Silver has thus far this week only traded in about a $.40 range. Silver has been in a consolidation pattern going back to the end of June and for the moment appears quite comfortable at current price levels. We would not expect this consolidation period to last forever, however. At some point the metal will likely break up or break down-we just don’t know when and to what degree. For the time being, it would seem that the bulls have the technical advantage on their side but must extend prices to the upside to keep the momentum. Should silver prices start to falter, the market could potentially slide significantly and do so quickly as fresh longs bail. Near term resistance will likely be seen at last week’s high of $21.33, while near term support may be seen at the $20.80-$20.82 area.
The biggest data point of the week is this afternoon with the release of the FOMC minutes. Although nothing different of significance is expected, investors will likely pay close attention to the minutes looking for clues about when the Fed may begin hiking rates as well as the Fed’s assessment of economic conditions. These minutes certainly have the capability to move markets-the question is will they. In recent commentary, Fed Chairwoman Janet Yellen has reiterated the need for an accommodative Fed, and many feel that it is unlikely the Fed will begin tightening any time soon. This could potentially be seen as bullish for the precious metals complex.

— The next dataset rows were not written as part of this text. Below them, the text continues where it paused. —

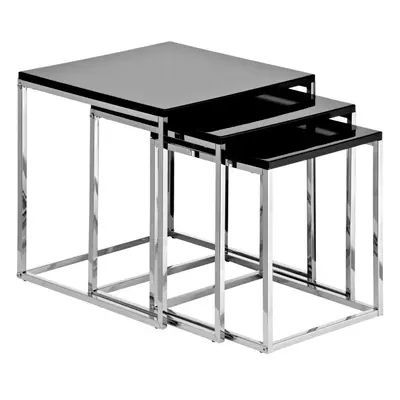 Premier Housewares Black Nest of Tables with Chrome Frame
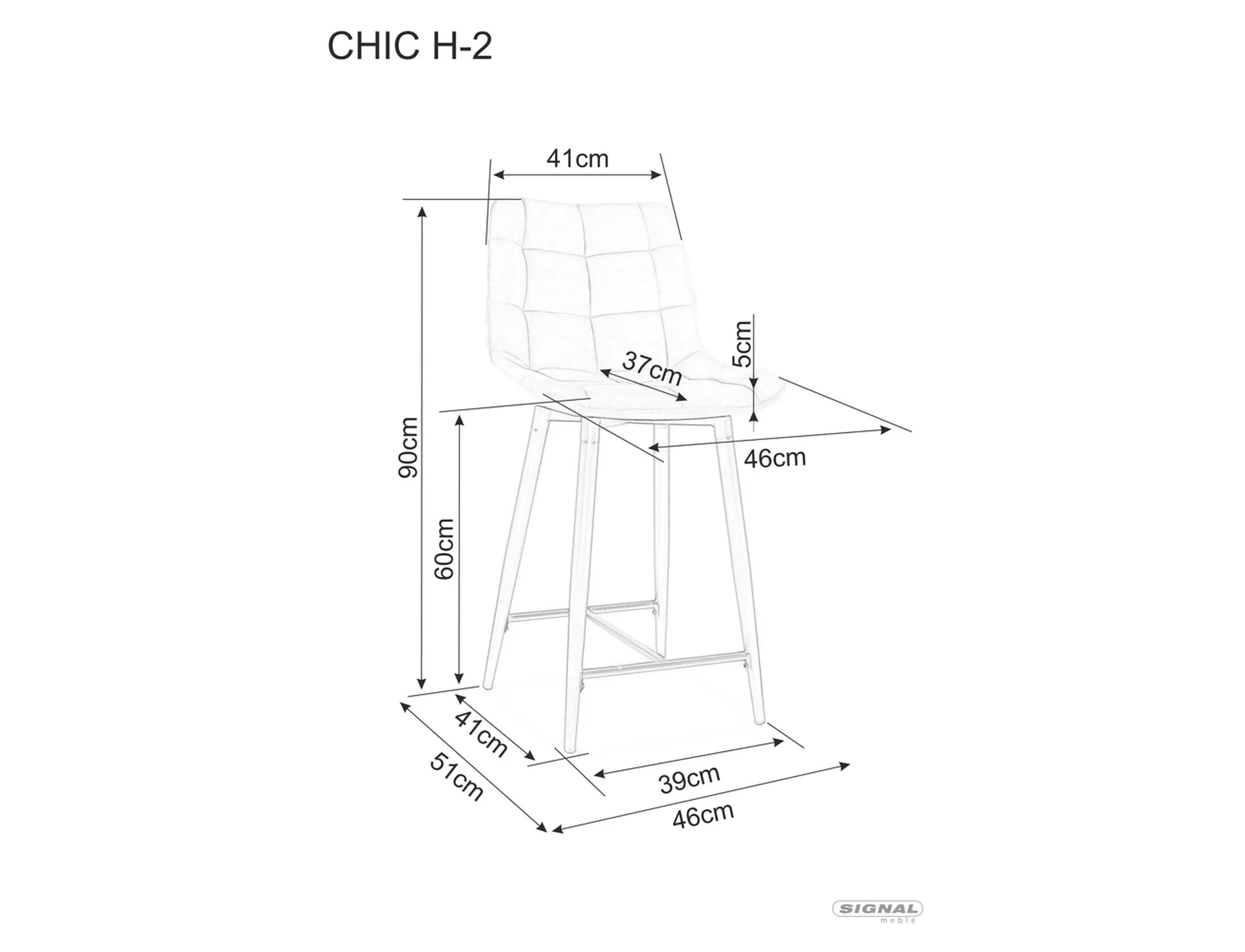 Półhoker chic h-2 velvet czarny stelaż / beż bluvel 28
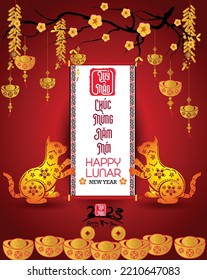 Happy lunar new year 2023, Vietnamese new year, Year of the Cat.
Translation vietnamese: Happy new year.

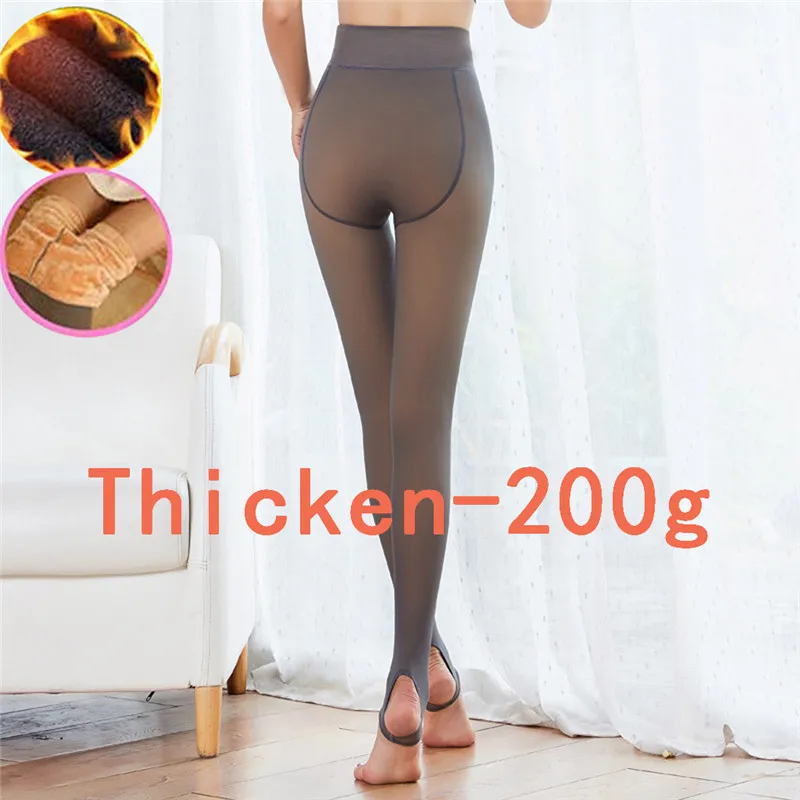 Thicken-200g-Black Новинка, плотные тонкие черные чулки, женские трусики, безупречные ноги, теплые флисовые толстые колготки - Цвет: Thicken-200g-Black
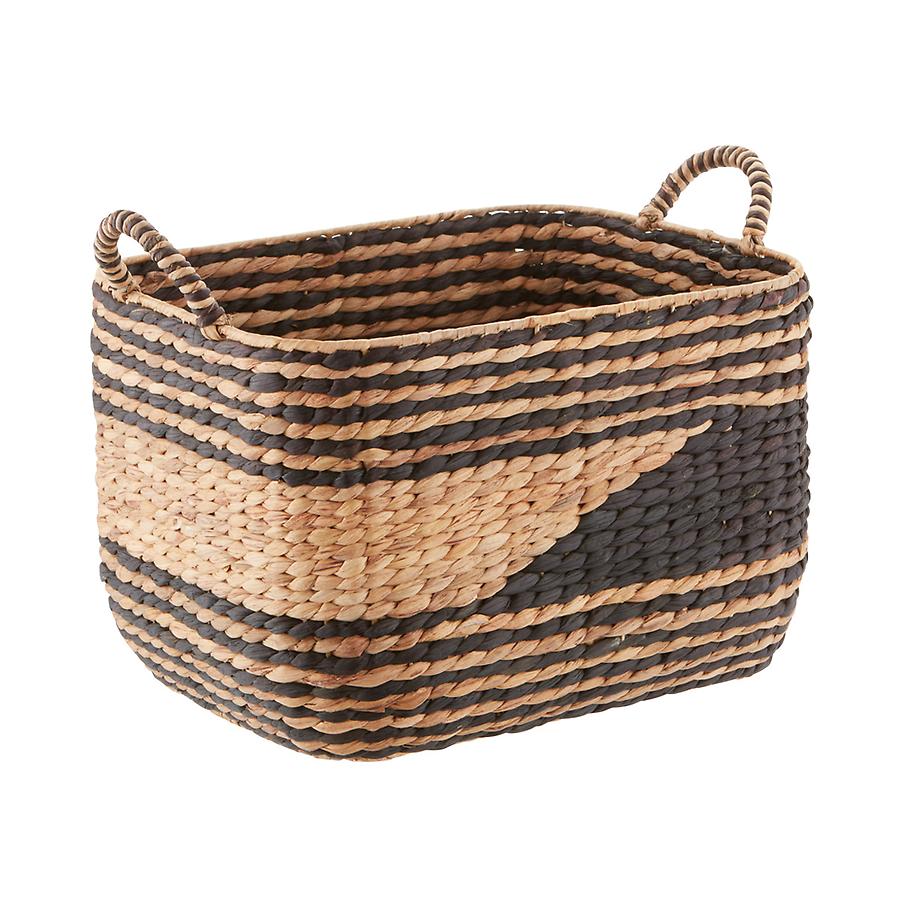 Black & Natural Water Hyacinth Storage Bins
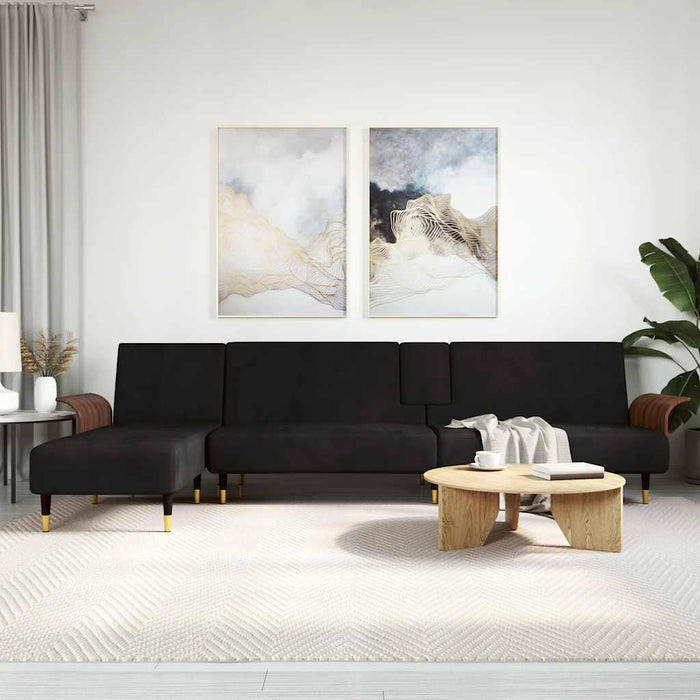 Canapea extensibilă în formă de L negru 279x140x70 cm catifea WALTI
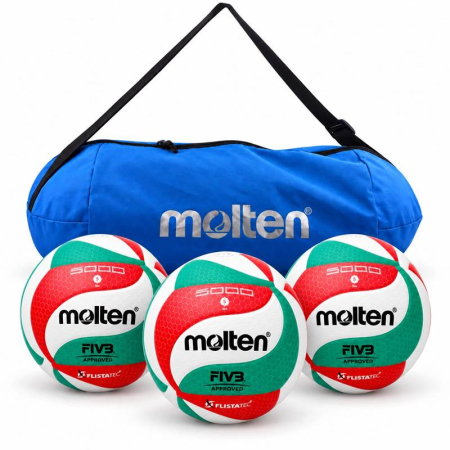 Pack of 3 Molten V5M5000 FLISTATEC volleyballs + Molten 3-ball bag [0]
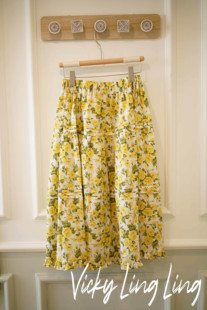 利伯缇liberty黄玫瑰复古风琴褶半裙设计感小众夏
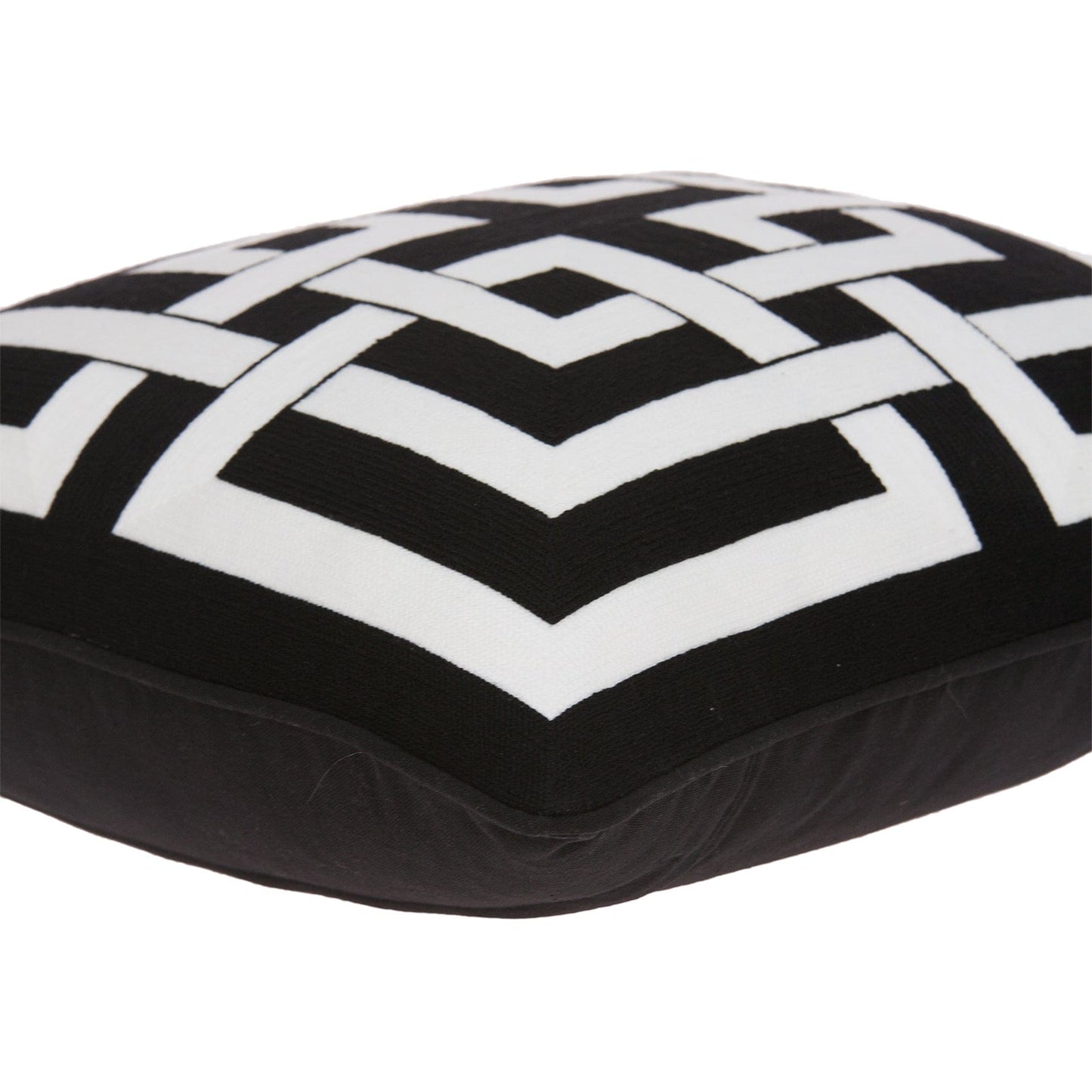 20" X 7" X 20" Transitional Black And White Pillow Cover With Poly Insert - Homeroots - Flyclothing LLC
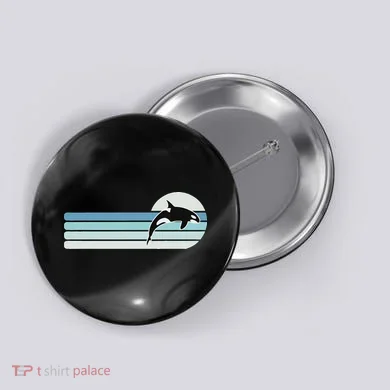 Retro Whale Orca Button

Crude oil continues its downtrend after posting recent highs near the $108 per barrel level. Oil is approaching the $100 per barrel mark, and a break below could potentially send many more longs scrambling for the exits. Higher crude can be supportive for silver and precious metals-and this divergence is worth noting. Although silver has some bullish momentum right now, the market is still in need of additional bullish news or a catalyst to take prices through recent resistance. Perhaps a potential top in stocks will provide such a bullish catalyst. We shall see.